Nuestro país constituye un enclave relevante dentro del mapa de dominación de los yanquis en América Latina, en particular por los recursos estratégicos que la Argentina posee. El programa de saqueo y entrega instrumentado por Milei desde su asunción se dicta desde la Casa Blanca. Durante las últimas semanas se evidenció con crudeza el desmantelamiento del complejo industrial en nuestro país, que dejó a 290.000 trabajadores en la calle en dos años. Un bombardeo sin bombas. Es el resultado del “reconversión o muerte” planteado desde el Ejecutivo. La escaramuza de Milei con Paolo Rocca (Techint) y Madanes (Aluar) expresa la discusión respecto a los alcances de un modelo que nos conduce a la disolución nacional. Los popes de las grandes empresas están preocupados por la continuidad de sus negocios, no es una disyuntiva moral. De hecho, son ellos los redactores de la reforma laboral esclavista sancionada días atrás en ambas cámaras del Parlamento.

La resistencia en las calles estuvo encabezada por un conjunto de gremios de la CGT y las CTA agrupados en el FRESU, además de organizaciones políticas y movimientos sociales. El despliegue represivo buscó la desmovilización, sin embargo una multitud de trabajadores se movilizó durante tres jornadas mientras se trataba el proyecto de ley. Esta circunstancia nos obliga a observar los cambios operados en el seno de la clase obrera durante la última década en particular, donde una porción muy significativa de laburantes no tuvo acceso nunca a un salario registrado, aguinaldo, vacaciones u obra social. La lucha por los derechos laborales conquistados les resulta un poco ajena. La flexibilización existe de hecho, más aún en un contexto de cierre de empresas y cientos de miles de desocupados. El voto a Milei también debe ser explicado desde esta perspectiva, él fue quien supo canalizar ese descontento. La lucha de clases adquiere entonces nuevas formas, atomizadas y dispersas en muchos casos, por eso es fundamental buscar los caminos para que puedan confluir en un solo torrente. Por otra parte, no podemos hablarle solo a una minoría activa organizada.

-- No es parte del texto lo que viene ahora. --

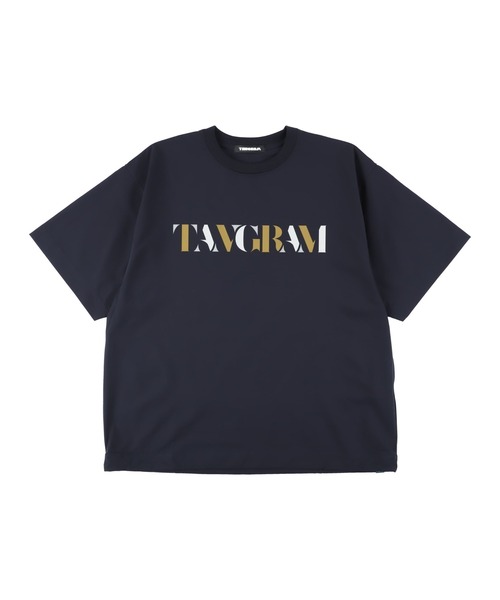 TANGRAM タングラム　セットアップ　ゴルフ　ロゴ　プリント　ブラック　M TANGRAM タングラム セットアップ ゴルフ ロゴ プリント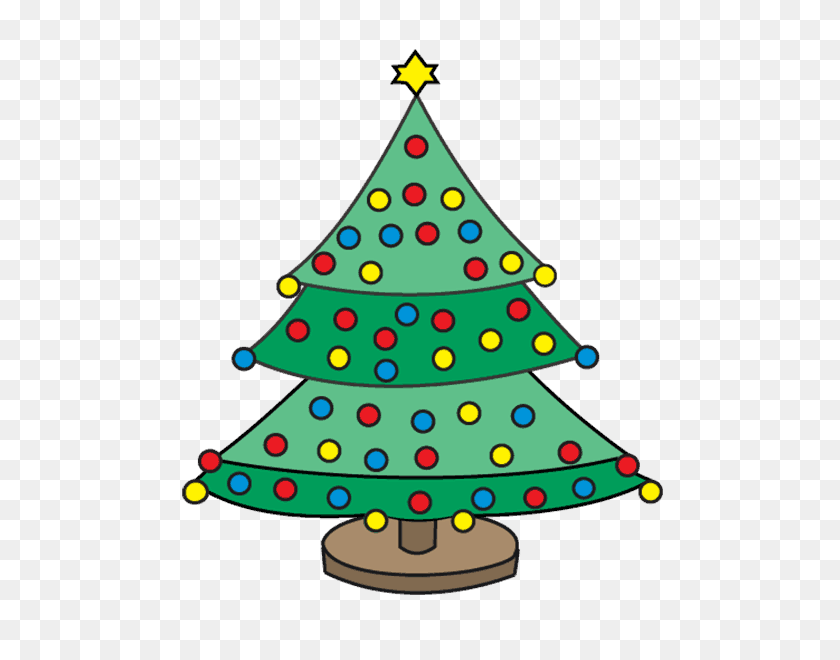 678x600 Drawn Christmas Tree Transparent - Christmas Greenery Clipart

La discusión sobre los dos proyectos se encuentra más vigente que nunca. Los yanquis (a través de Milei) nos van a someter a un status colonial. El campo popular en todas sus expresiones, incorporando también a aquellos sectores que (aún expresando otros intereses de clase) no están dispuestos aceptar el desgranamiento de nuestra nación, debe ser capaz de construir una alternativa política amplia en defensa de la patria y la soberanía, porque es lo que verdaderamente está en juego.